INFORMATION SHOWN ::
- Opening Delimiter -
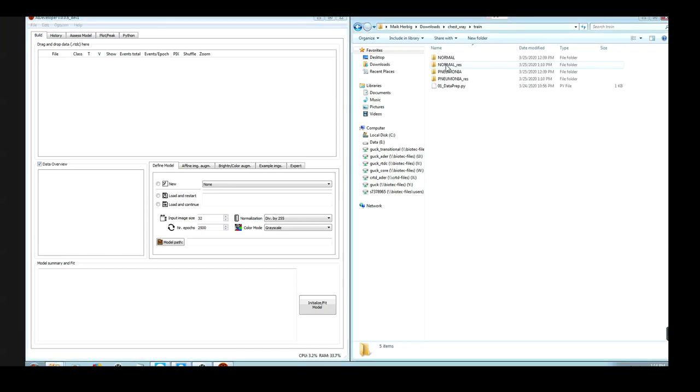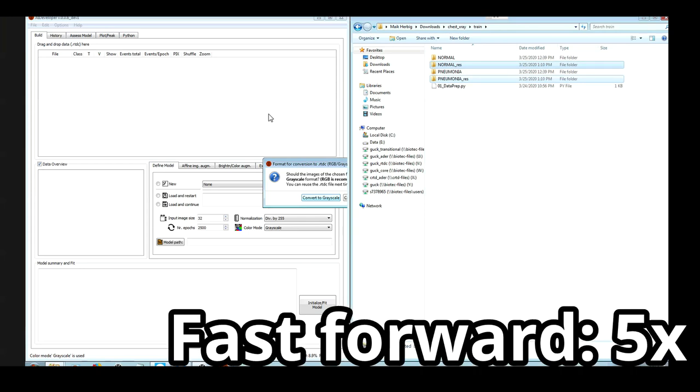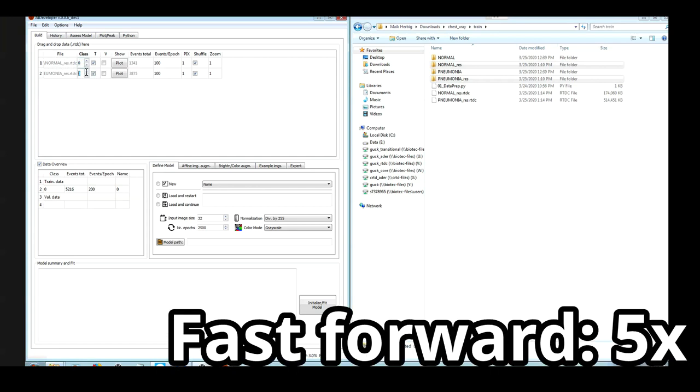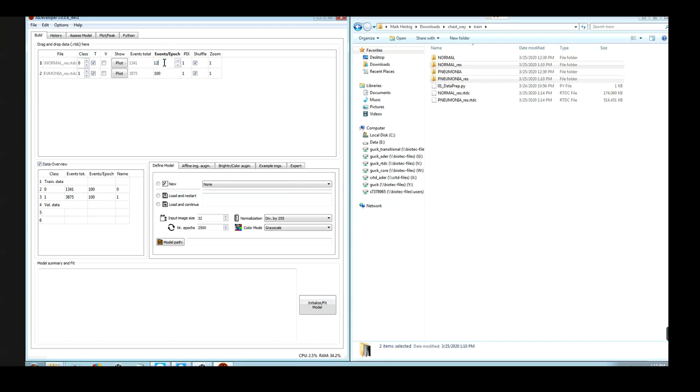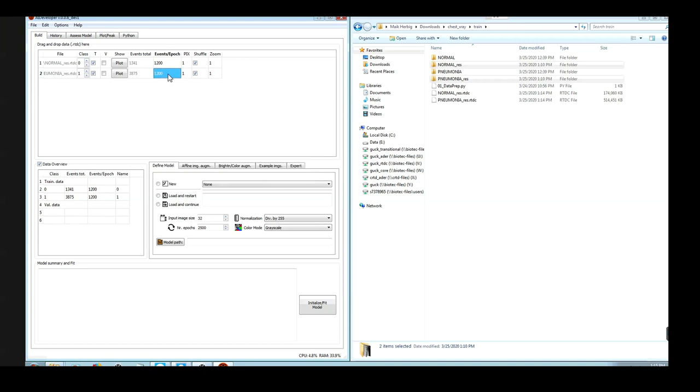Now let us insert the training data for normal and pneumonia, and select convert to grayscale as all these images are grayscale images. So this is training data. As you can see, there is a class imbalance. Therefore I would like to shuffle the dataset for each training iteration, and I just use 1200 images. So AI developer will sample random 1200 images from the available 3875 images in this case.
- Closing Delimiter -
- Opening Delimiter -
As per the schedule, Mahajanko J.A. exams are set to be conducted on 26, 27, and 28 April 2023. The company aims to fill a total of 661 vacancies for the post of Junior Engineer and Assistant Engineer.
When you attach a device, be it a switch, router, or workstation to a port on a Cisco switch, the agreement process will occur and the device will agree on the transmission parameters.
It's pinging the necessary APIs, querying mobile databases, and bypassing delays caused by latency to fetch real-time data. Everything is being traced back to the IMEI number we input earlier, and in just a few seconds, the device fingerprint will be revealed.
- Closing Delimiter -
Read through the material above, and whenever a line contains "device", copy it.

When you attach a device, be it a switch, router, or workstation to a port on a Cisco switch, the agreement process will occur and the device will agree on the transmission parameters.
It's pinging the necessary APIs, querying mobile databases, and bypassing delays caused by latency to fetch real-time data. Everything is being traced back to the IMEI number we input earlier, and in just a few seconds, the device fingerprint will be revealed.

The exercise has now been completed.